Before DAVID A. NELSON and SILER, Circuit Judges, and SPIEGEL, District Judge.* 

ORDER

Norman Webb appeals a district court order affirming the Secretary's denial of his third application for social security disability insurance benefits. This case has been referred to a panel of the court pursuant to Rule 9(a), Rules of the Sixth Circuit. Upon examination, this panel unanimously agrees that oral argument is not needed. Fed. R. App. P. 34(a).

Webb filed his current application for disability insurance benefits alleging a disability since January 1985, due to problems with his back and neck. An administrative law judge (ALJ) determined that Webb was not disabled because he retained the residual functional capacity to perform work which exists in significant numbers in the national economy. The Appeals Council denied Webb's request for review.
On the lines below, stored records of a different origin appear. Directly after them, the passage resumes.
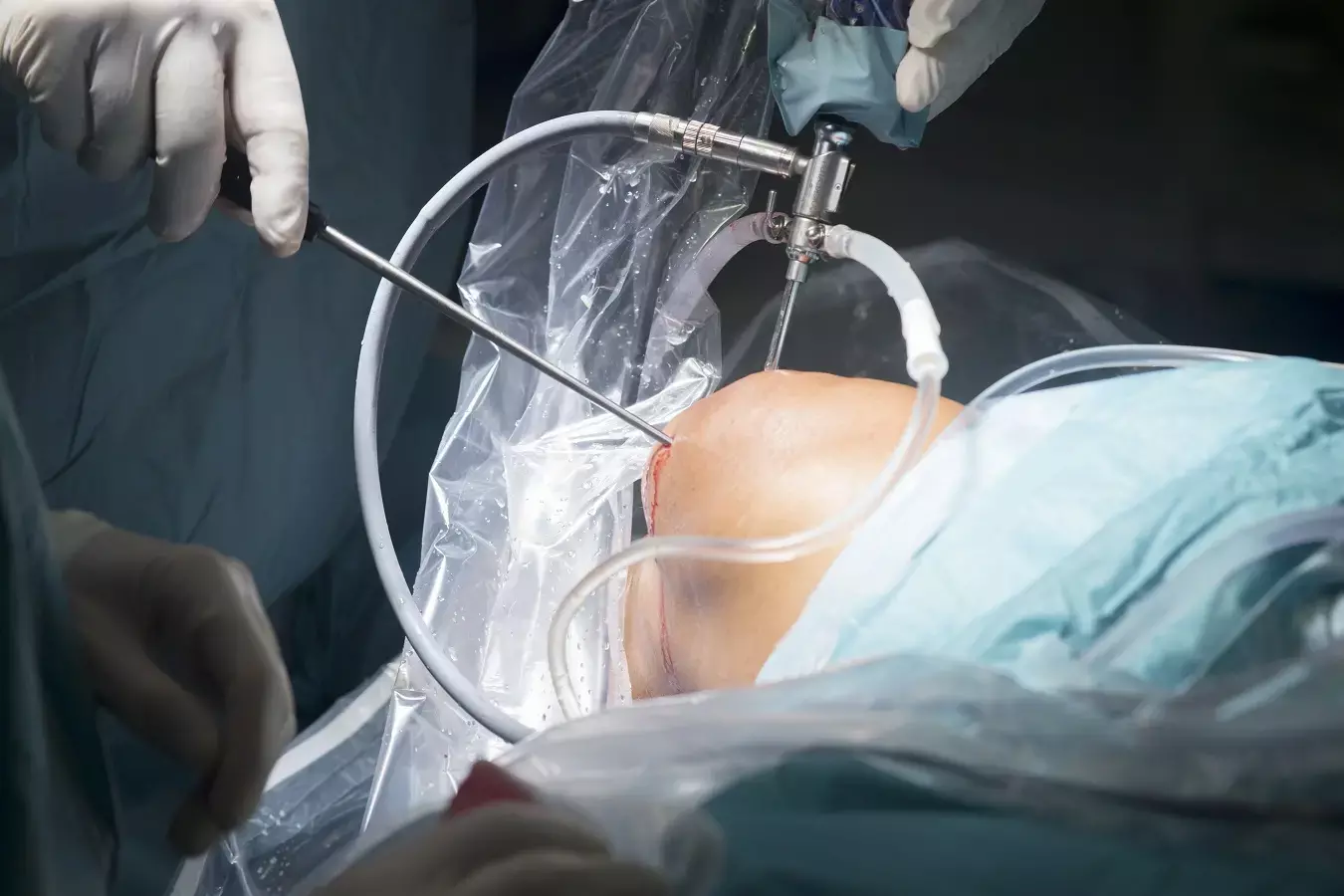 Arthroscopic rotator cuff suture and 360 degree capsular release may improve shoulder movement in rotator cuff tear
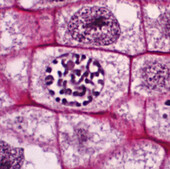 Prophase in onion root tip cell, light micrograph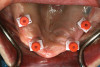 Fig 43. A full thickness flap was raised to place a new 3.25-mm implant into tooth No. 26 area in a single-stage protocol.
Webb then filed a complaint seeking judicial review of the Secretary's decision. The district court determined that substantial evidence existed to support the Secretary's decision and granted summary judgment for the defendant.

Webb has filed a timely appeal arguing that the ALJ did not give proper credit to his complaints of disabling pain and that pursuant to 20 C.F.R. Part 404, Subpt. P, App. 2 § 201.00(h), he should be found disabled because he cannot perform a full range of sedentary work. Both parties have waived oral argument.

Upon review, we conclude that there is substantial evidence to support the Secretary's decision. Brainard v. Secretary of Health and Human Services, 889 F.2d 679, 681 (6th Cir. 1989) (per curiam). The Secretary properly evaluated Webb's complaints of pain and other symptoms because subjective complaints in the absence of objective medical evidence to support the existence or severity of the alleged symptoms cannot be a sufficient basis for establishing disability. See Duncan v. Secretary of Health and Human Services, 801 F.2d 847, 853 (6th Cir. 1986). Although there is no dispute that the medical evidence shows an underlying medical condition, Webb has failed to show that his medical condition is of such a level of severity that it can reasonably be expected to produce disabling pain and other symptoms. Id.

Contrary to Webb's argument, 20 C.F.R. Part 404, Subpt. P, App. 2 § 201.00(h), provides that reliance solely on the medical-vocational guidelines to find a claimant not disabled is inappropriate where significant nonexertional limitations exist. See Abbott v. Sullivan, 905 F.2d 918, 927 (6th Cir. 1990). Section 201.00(h) does not always require a finding of disability where a claimant can perform less than a full range of sedentary work. Id.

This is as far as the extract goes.